In closing, Elder Barney mentioned meeting Sister Wanda Allred prior to the meeting. Sister Allred is a 98-year-old sister missionary who has been serving at the Bishop’s Storehouse for the past 20 years. When asked, Sister Allred doesn’t like attention, but loves to serve. Elder Barney asked for everyone to reflect on why they decided to serve a mission and then related the following letter from his cousin.

My cousin and his wife returned from being mission leaders in Minnesota three years ago. They recently left their home to serve a second mission in Manchester, England. In an email to their family and friends, they shared the following: “After our mission to Minnesota, Annette and I moved to Mesa, Arizona to be nearer to many of our children and grandchildren, all of whom had moved from our prior home in California. We bought a home in Mesa, and enjoyed the process of decorating our home and designing and putting together our barbeque, landscaping and other outdoor areas around our home. As we were coming up on the third anniversary of our return home from Minnesota, Annette and I started talking more about going out to serve another mission, this time as a senior missionary couple.

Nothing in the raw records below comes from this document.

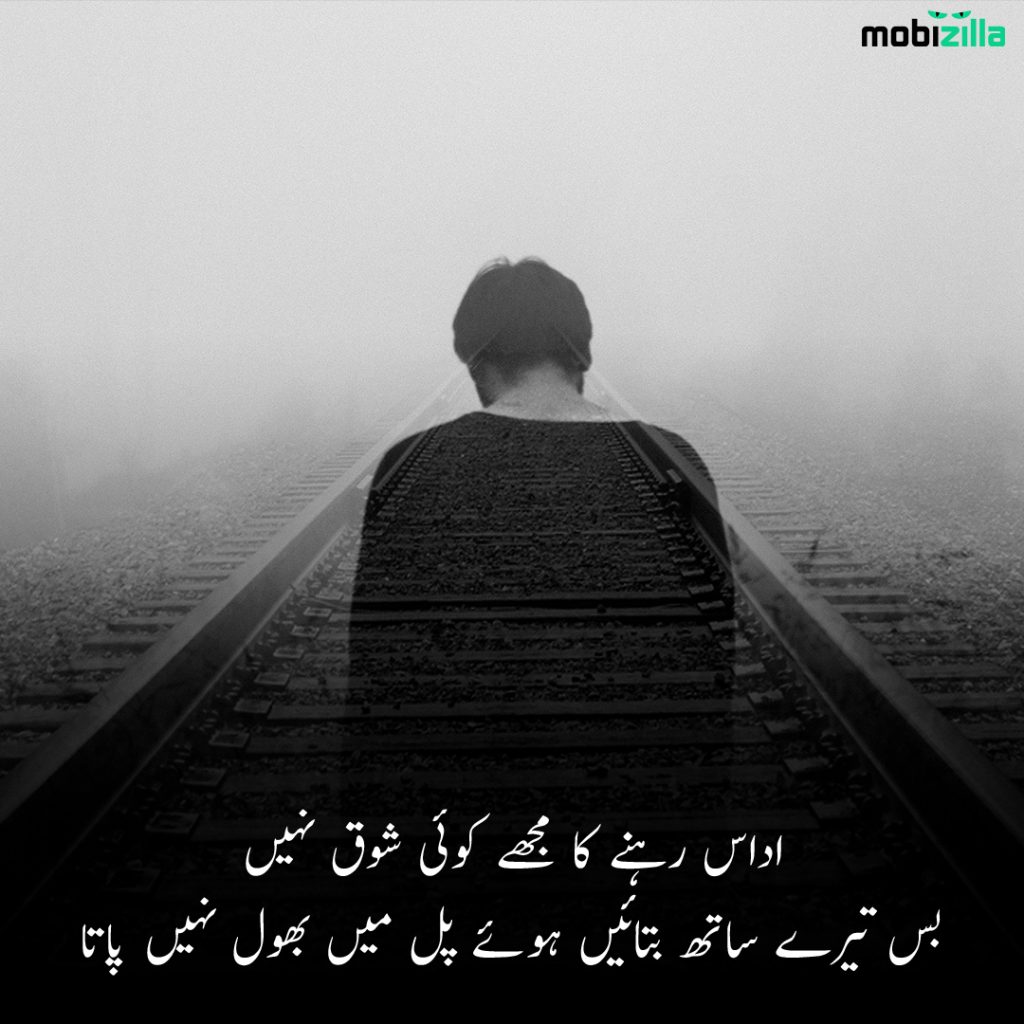 Poetry on beauty in Urdu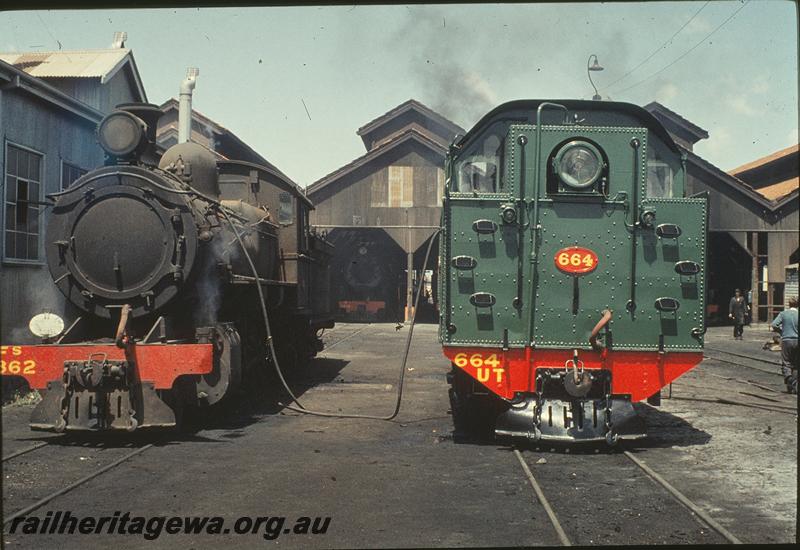 P09937
FS class 362, UT class 664, east faade of loco shed, steam hose from FS to UT, East Perth loco shed. ER line.
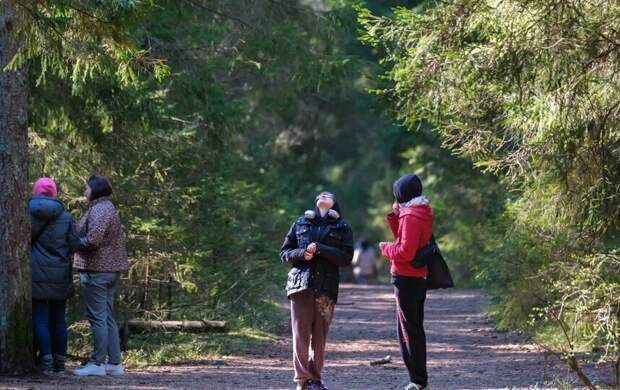 В Петербурге в 2026 году высадят около 10 тыс. деревьев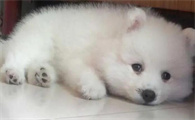 银狐犬幼犬一只最少多少元
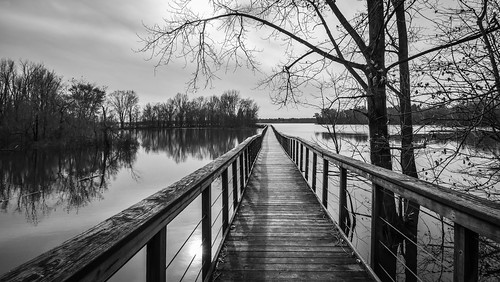 hoover reservoir mudflats boardwalk galena ohio park nature water trees lake black white bw monochrome nikon d5600 nikkor 1020mm landscape waterscape wide angle monovember 2018 monovember2018 reflection sunlight shadow sky clouds vanishing point big walnut creek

Many have asked us why we decided to serve another mission for our church at this point. We have indeed loved living in Arizona, close to our kids and grandkids, during the past three years. We have made many friends who we are sad to leave. We have enjoyed pursuing hobbies like sewing and golfing, going on fun trips, seeing our local congregation grow so quickly, serving together in the Gilbert Arizona Temple, and taking naps. Things are going great, in other words. So why would we decide now to just set this all aside, throw some things in a couple of suitcases, sell our car, lock up our house, and leave this life behind to spend two years in northwest England, where it rains on average about 300 days every calendar year?

I guess, for us, it boils down to our love for the Savior and our desire for spiritual growth and change. Our experience has been that we have seen the greatest personal spiritual growth when we are pushed well out of our comfort zones to do things that are difficult, that keep our focus outward on others, that turn our hearts and minds to our Saviour Jesus Christ. For us that pretty much describes a full-time mission. So that’s what we have decided to do. Although we will miss our family and our friends terribly, we feel strongly that this is what the Lord wants us to do at this point in our lives, and we are confident our family will see many blessings because of our decision to serve, as they certainly did during our first mission in Minnesota.”

Elder Daren R. Barney spoke about the amazing night it was to be with so many missionaries saying, “You are truly an inspiring sight.” He also thanked those in attendance for sharing the Light of Jesus Christ with the world. Quoting from a recent General Conference talk by President Russell M. Nelson, Elder Barney offered this message: “There has never been a time in the history of the world when knowledge of our Savior is more personally vital and relevant to every human soul.” Continuing with his remarks, Elder Barney stated, “The call of every missionary is to invite others to come unto Jesus Christ through His restored gospel…to have faith in the Savior and in His atonement.”

Elder Barney repeated the suggestion from President Nelson that we need to change the slogan for senior missionaries from “Lengthen our stride to hasten our shuffle.”

Finally, Elder Barney encouraged the senior missionaries to share their experiences of serving and ministering to others with their children and grandchildren. He said this would help their posterity “to focus on the Savior in a world that is becoming increasingly dark and where the light of the Savior shines even brighter, as we see the darkness increasing.”